Initially, it is true  academies were established to replace poorly-performing schools, but subsequently the programme included new schools in areas that needed extra school places and in this  latter period there was  less focus on whether or not an Academy was   being set up  in a demonstrably  disadvantaged area. So,  Balls outrage  and accusations about social engineering  looks, in this context,  somewhat contrived and  overblown.

Baker points out that the political philosophy behind GM schools was to recreate the recipe for success that existed in the private sector – autonomous institutions led by confident and entrepreneurial head teachers. And the stark difference between Labour’s academies and the new version lies in the underlying philosophy according to Baker. The former were about central government intervention to rectify the problems of market failure. (although its hard  to   see how   the schools system at the time could be described   as a ‘market’)  They rescued children who were left in the schools that few parents would choose. By contrast, the new generation of academies are about releasing market forces in the belief that autonomous schools responding to parental choice will raise standards. But the important point about this new initiative the Government argues  is that it  is seeking ultimately to offer  Academy freedoms to all schools. The idea is that it is permissive rather than coercive. No school will be forced to change status but they should all ultimately  be given that opportunity.  But, crucially, they  will not be disadvantaged by not changing their status, and certainly not financially. Indeed the Government has indicated that it doesn’t believe that most Primary schools will take up the autonomy  offer and is easy with that. If the GM initiative could be accused of  not   fully taking  into account the possible impact on neighbouring schools, which some critics argue was the case,  the Government  counters  by   saying that   new academies will be expected to support weaker neighbours, and indeed this is written into the funding agreement .  Before a free school is established there will also be an assessment of its possible impact on neighbouring schools. Academies  will have to comply with the national admissions code, and the pupil premium will give extra aid to schools in deprived areas. Indeed on SEN support the Government argues that changes brought about by the new  Act will ensure that pupils with SEN will be better protected and supported now than they were under the last Governments Academies legislation.

Baker takes particular exception to the perceived lack of parental involvement in decision-making over status change. There is  one important difference between the old GM schools and today’s new academies he says  – the former required majority support in a secret ballot of parents, the latter do not even need a show of hands at a parents’ meeting.  “With GM Mark II, it seems, the parental voice has been forgotten.” However the Government has made it clear that a school wishing to change status must consult with ‘appropriate’  interested parties  and  have explicitly stated that this will include parents.
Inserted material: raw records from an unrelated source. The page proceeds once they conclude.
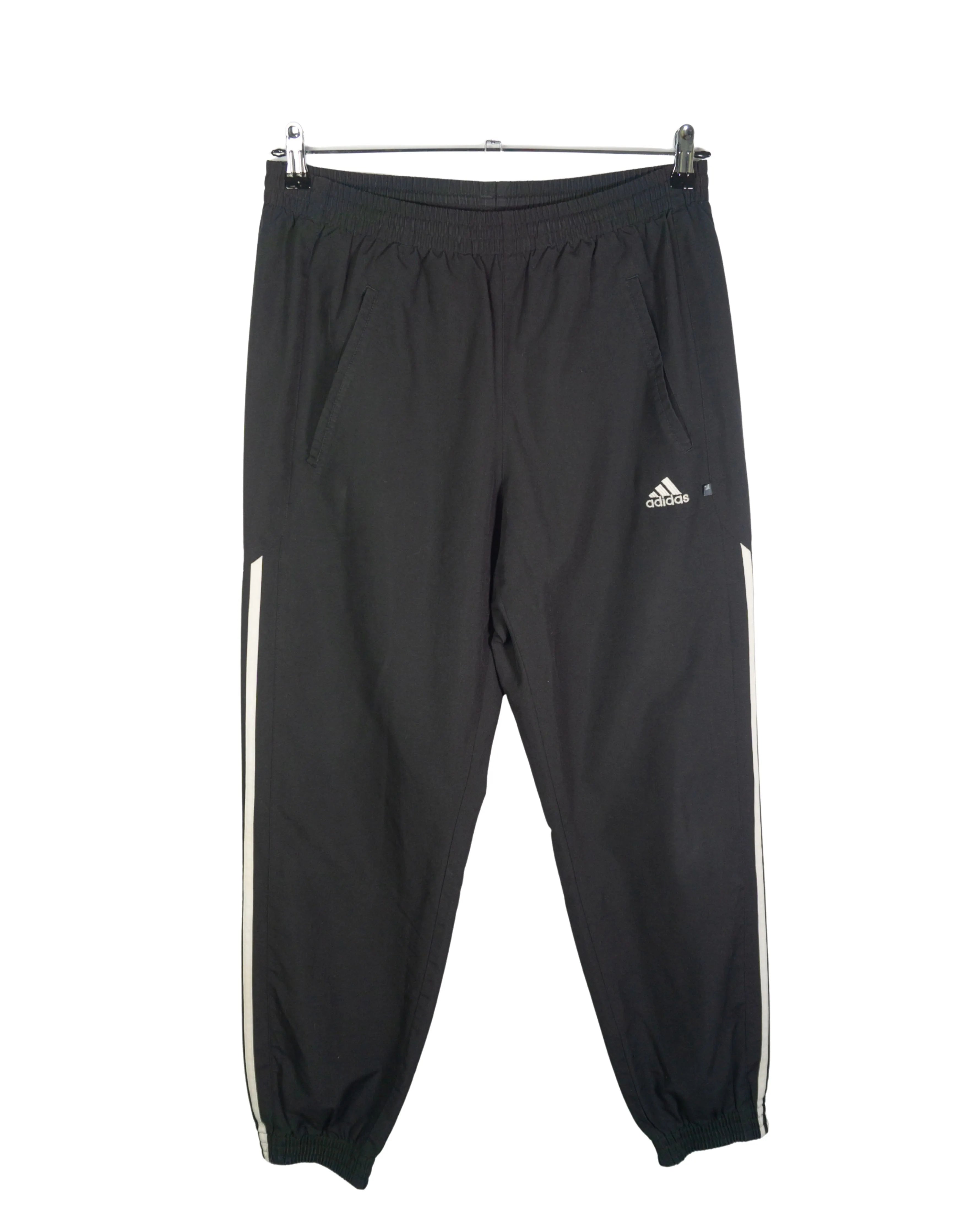 Pantalón Adidas Chándal Bandas Negro Vintage 00s — Talla L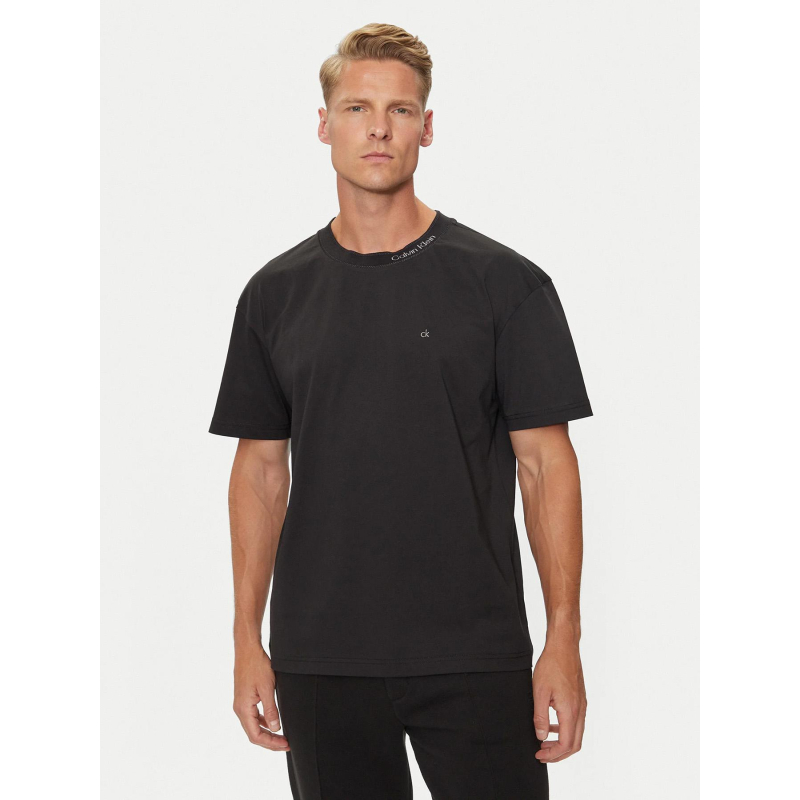 T-shirt neck logo noir homme - Calvin Klein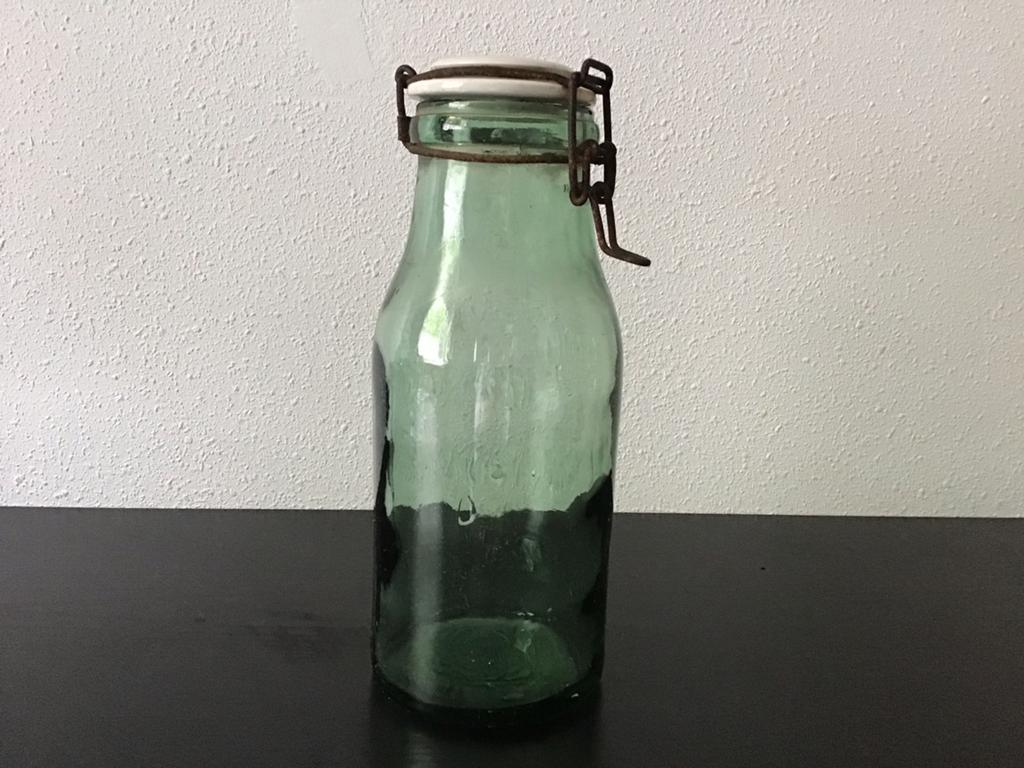 Brocante oude franse weckpot met porseleinen dop. L’ideale., Antiek en Kunst, Ophalen of Verzenden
For free schools anyone wishing to establish a free school must demonstrate that there is a demand for such a school in that particular area. Of course one can quibble about the detail of  how this will be done   but  one has to trust school governors and yes parents, often one and the same, to make these kind of judgements and if we really want decision-making from the bottom up rather than the  top down this seems a  good  enough place to start.